High-Level Pseudo Code
Here is the high-level pseudo code for the experiments in this paper:
# Load CommonPool dataset
data = CommonPool(scale='medium')
# Generate synthetic captions
caption_models = [BLIP, BLIP2, OpenCLIP-CoCa, ...]
for model in caption_models:
captions = generate_captions(model, data.images)
# Create datasets mixing raw and synthetic captions
raw_captions = data.captions
mixed_datasets = []
for strategy in [no_filtering, clip_score_filtering, ...]:
mixed_data = mix_captions(raw_captions, synthetic_captions, strategy)

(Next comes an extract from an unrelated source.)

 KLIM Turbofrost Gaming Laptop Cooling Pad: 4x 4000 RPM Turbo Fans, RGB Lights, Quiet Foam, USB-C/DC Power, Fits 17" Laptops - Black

mixed_datasets.append(mixed_data)
# Train CLIP models
for dataset in mixed_datasets:
# Fix architecture, hyperparameters, compute budget
clip = train_clip(dataset)
# Evaluate CLIP models
tasks = [imagenet, coco, flickr, ...]
for clip in trained_clips:
accuracies = evaluate(clip, tasks)
# Analyze results
print_tables_and_plots(accuracies)
In summary, the key steps are:
- Load raw web data
- Generate synthetic captions with different models
- Create datasets mixing raw and synthetic captions using different strategies
- Train CLIP models with fixed settings on these datasets
- Evaluate on vision tasks like ImageNet, COCO, Flickr
- Analyze results across methods and scales
Detailed Pseudo Code
Here is a more detailed pseudo code outline to implement the key experiments in this paper:
import clip, captioning_models, datasets
# Load DataComp CommonPool dataset
commonpool = datasets.DataComp(scale='medium')
raw_images = commonpool.images
raw_captions = commonpool.captions
# Generate synthetic captions
blip = captioning_models.BLIP2()
blip_captions = blip.generate(raw_images)
coca = captioning_models.OpenCLIPCoCa()
coca_captions = coca.generate(raw_images)
# Filtering strategies
def clip_score_filter(captions, images, threshold):
# Compute CLIP score between images and captions
scores = clip.score(images, captions)
# Select pairs above threshold
filtered_idx = np.where(scores > threshold)
filtered_images = images[filtered_idx]
filtered_captions = captions[filtered_idx]
return filtered_images, filtered_captions
# Mixing strategies
def mix_captions(raw_captions, synth_captions):
# Simple concatenation
mixed_captions = np.concatenate((raw_captions, synth_captions))
return mixed_captions
# Create mixed datasets
raw_30p = clip_score_filter(raw_captions, raw_images, 0.3)
blip_70p_filtered = clip_score_filter(blip_captions, raw_images, 0.3)
mixed_blip = mix_captions(raw_30p, blip_70p_filtered)
# Train CLIP
clip_model = clip.CLIP(backbone='ViT-B/32')
clip_raw = clip_model.fit(raw_30p, steps=128e6)
clip_blip = clip_model.fit(mixed_blip, steps=128e6)
# Evaluate
tasks = datasets.DataCompTasks()
raw_acc = tasks.evaluate(clip_raw)
blip_acc = tasks.evaluate(clip_blip)
print(raw_acc)
print(blip_acc)
This implements the key steps like generating synthetic captions, mixing them with raw captions using different strategies, training CLIP models, and evaluating on DataComp tasks. Additional loops can be added for iterating over different captions models, scales, etc.